The design has been evolving, and I've been pushing (overwriting) new versions of the branch. Here's a summary of the basic design:
The primary goal is to enable storing dynamically-structured values with metadata, and to also enable describing the structure of each value (and metadata) using a schema-based approach. JSON documents provide an excellent way to offer structure that is extremely flexible, while JSON Schema offers a way to define the structure of JSON documents in a way that can be easily validated. (Note that a JSON Schema is just a JSON document that conforms to the JSON meta-schema, which is rich enough to be self-describing. It's actually a very nice specification.)
Manik originally suggested storing the metadata and value (henceforth referred to as 'content') as strings, but doing so would mean that in order to access any information within the metadata or content, the JSON strings would first need to be parsed into an in-memory representation. Plus, if the content is to be modified, the JSON document would need to be modified and written as a string before being stored. This parsing and writing would become prohibitive.
Since Infinispan is essentially an large heap of memory, it makes far more sense to represent the content and metadata as in-memory documents, as long as the in-memory representation were compatible with JSON, were easy to use, and could be validated using JSON Schemas. Additionally, if the representation also supported BSON data types (e.g., binary values, UUIDs, dates, regular expressions, etc.), more types of user-content could be supported (including just raw binary data). These in-memory documents could at any time be read from or written to JSON or BSON formats. Having the schematic values be delta-aware with fine-grained locking (see ISPN-1115) would provide significant advantages w/r/t performance and concurrency. (Note that efficient support for delta-aware means that the schematic value can capture the changes made to the documents by client application and use those changes as the delta, rather than having to compare the changed document to a prior version to compute the changes.)

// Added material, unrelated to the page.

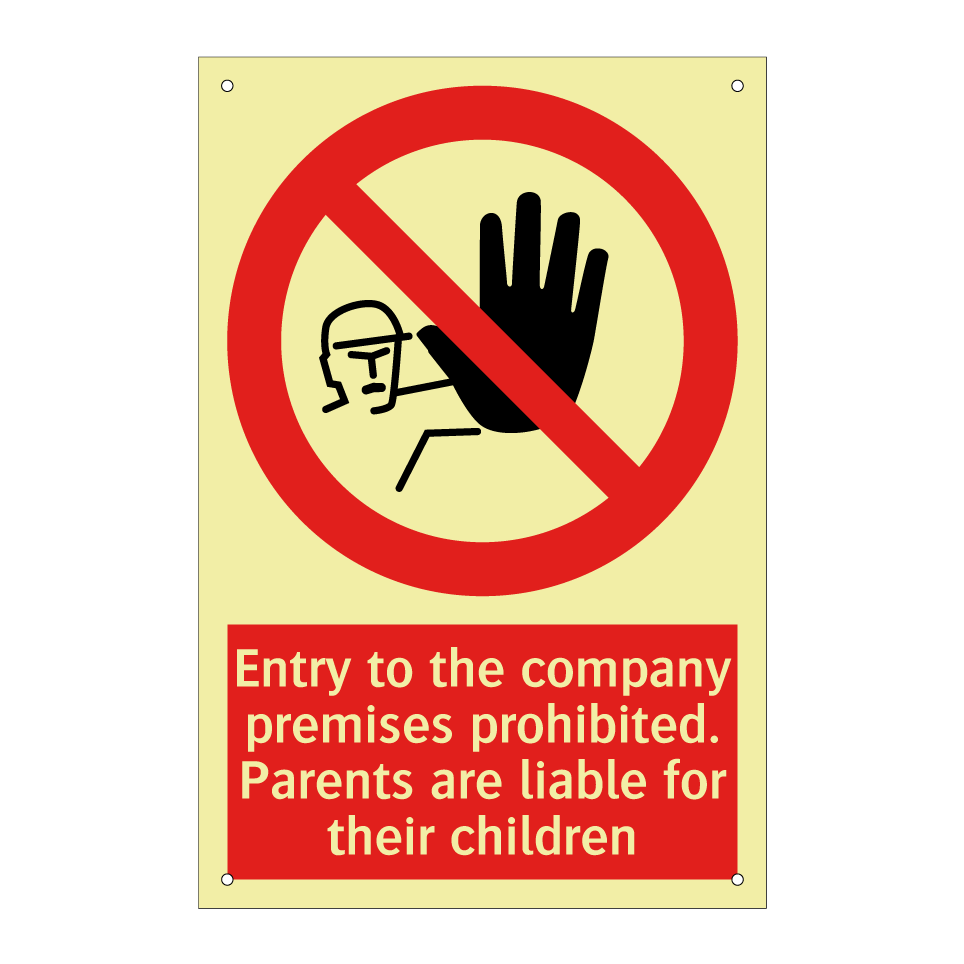 Entry to the company premises prohibited. Parents are liable for their children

Using an in-memory representation also means that the content and metadata need not be stored as separate objects, but could instead be represented by a single document that is conceptually:
{
"metadata" : {
}
"content" :
}
This is the approach taken by the current design. The primary packages are:
- org.infinispan.schematic
- org.infinispan.schematic.document
- org.infinispan.schematic.internal.*
The first two packages contain the public API, whereas all implementation-specific classes are contained within the "internal" packages.
The primary API interfaces are:
- SchematicDb - similar to Cache but tailored to make it easy for users to store a content document (or binary value) with a metadata document. Each SchematicDb has a JSON Schema library, and providing a map-reduce-based validation mechanism. Internally this uses a Cache<String,SchematicEntry>.
- SchematicEntry - the value actually stored within Infinispan, and which contains a content object (that is a Document or a Binary value) and a metadata Document. There are methods for getting a mutable interface to the content document and metadata documents. Since tracking the MIME type of the content is likely very common, the SchematicEntry interface provides methods for getting and setting the MIME type (which is actually stored in the metadata.
- Document - an immutable interface to an in-memory document
- EditableDocument - a mutable interface to an in-memory document
- Json - utility class for parsing JSON formatted streams/files into Document instances, and for writing Document instances as JSON
- Bson - utility class for parsing BSON formatted streams/files into Document instances, and for writing Document instances as BSON
- JsonSchema - utility class for working with JSON Schemas
- Various interfaces for reprenting JSON/BSON values: Array, Binary, Symbol, Timestamp, Code, CodeWithScope
The current status is that this works for LOCAL mode, but additional work is required before DISTRIBUTED and REPLICATED modes will work correctly with delta-aware and fine-grained locking.
As always, feedback is appreciated.
Rejecting, since there is no reason for this anymore.